The UVA Brain Institute has offered seed funding for two key cross-grounds collaborative research projects in Alzheimer's Disease in 2019, with the purpose of bringing neuroscience investigators together to tackle important questions and perform transformative work that will differentiate our research enterprise. These initiatives require diverse expertise, and involve investigative teams from a variety of disciplines and/or Schools across grounds.
Jamie Morris, PhD
Epigenetic aging is associated with cognitive decline and intrinsic neural connectivity
This project combines cutting-edge epigenetic aging techniques with measures of intrinsic neural network integrity assessed by resting state fMRI in an existing longitudinal study over a 12 year period to test the hypothesis that epigenetic aging is a sensitive biomarker of neural and cognitive change across time.
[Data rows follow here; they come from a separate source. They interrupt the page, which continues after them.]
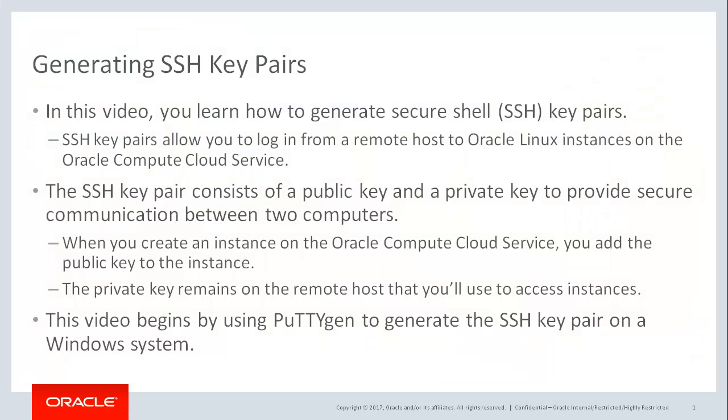In this video, you learn how to generate SSH key pairs. SSH key pairs allow you to log in from a remote host to an Oracle Linux instance on the Oracle Compute Cloud Service.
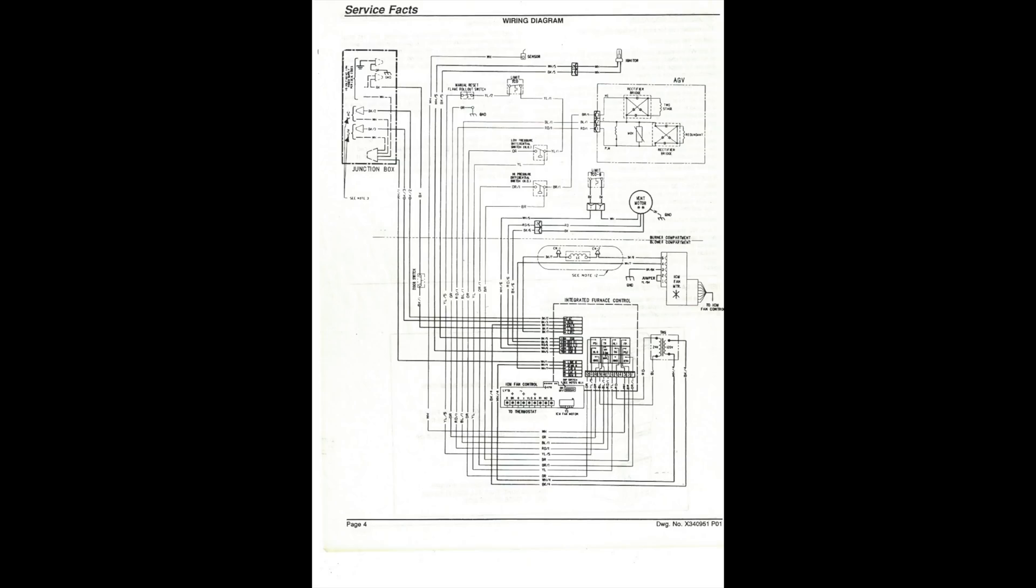This one, we're going to start looking at a different type of diagram. I'm showing you a wiring diagram, not a schematic, but this one uses an integrated furnace control on a two-stage gas furnace.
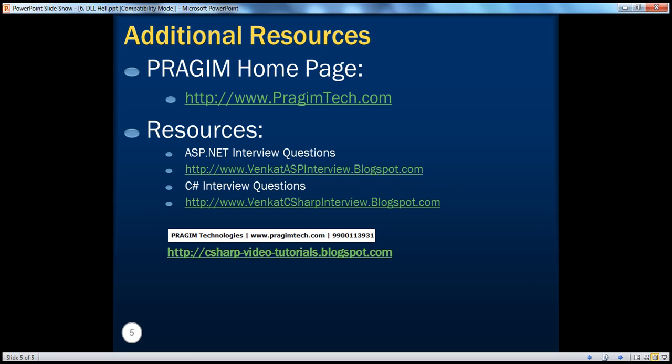On this slide, you can find resources for ASP.NET and C# interview questions. That's it for today. Thank you for listening. Have a great day.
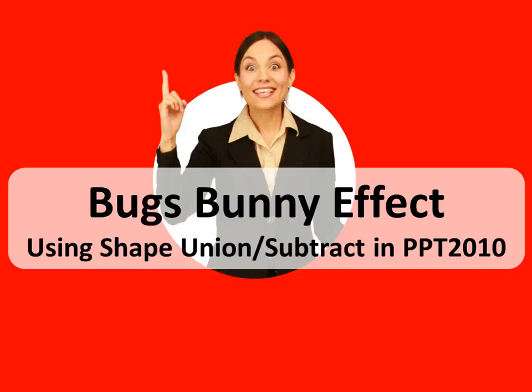Alright, I want to go back and redo this tutorial that I did of creating a Bugs Bunny effect, and this time I'm going to do it in PowerPoint 2010 using the shape union and shape subtract features in PowerPoint.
This marker will assist in the identification of the neural networks most sensitive to age-related change and how such change may lead to cognitive decline and dementia in both healthy and disordered populations.
Ammasi Periasamy, MS PhD
In vivo, 2-Photon Fluorescence Lifetime Imaging to Track Metabolic Changes in Live Alzheimer's Disease Model Mouse Brains
This project will use nutrient-induced changes in mitochondrial signaling in mouse models as part of a 6-9 month in vivo imaging assay, which integrates adaptive optics for increased depth and signal to noise ratios, to help define the connection between Alzheimer’s Disease and metabolic disorders. By determining if diseased mice show impaired nutrient-induced mitochondrial activity over 3 months, this project will demonstrate the feasibility of monitoring mitochondrial activity in vivo for normal and pathological brain conditions, as well as identify AβO-dependent and tau-dependent steps by which nutrient-induced mitochondrial activity may be disrupted.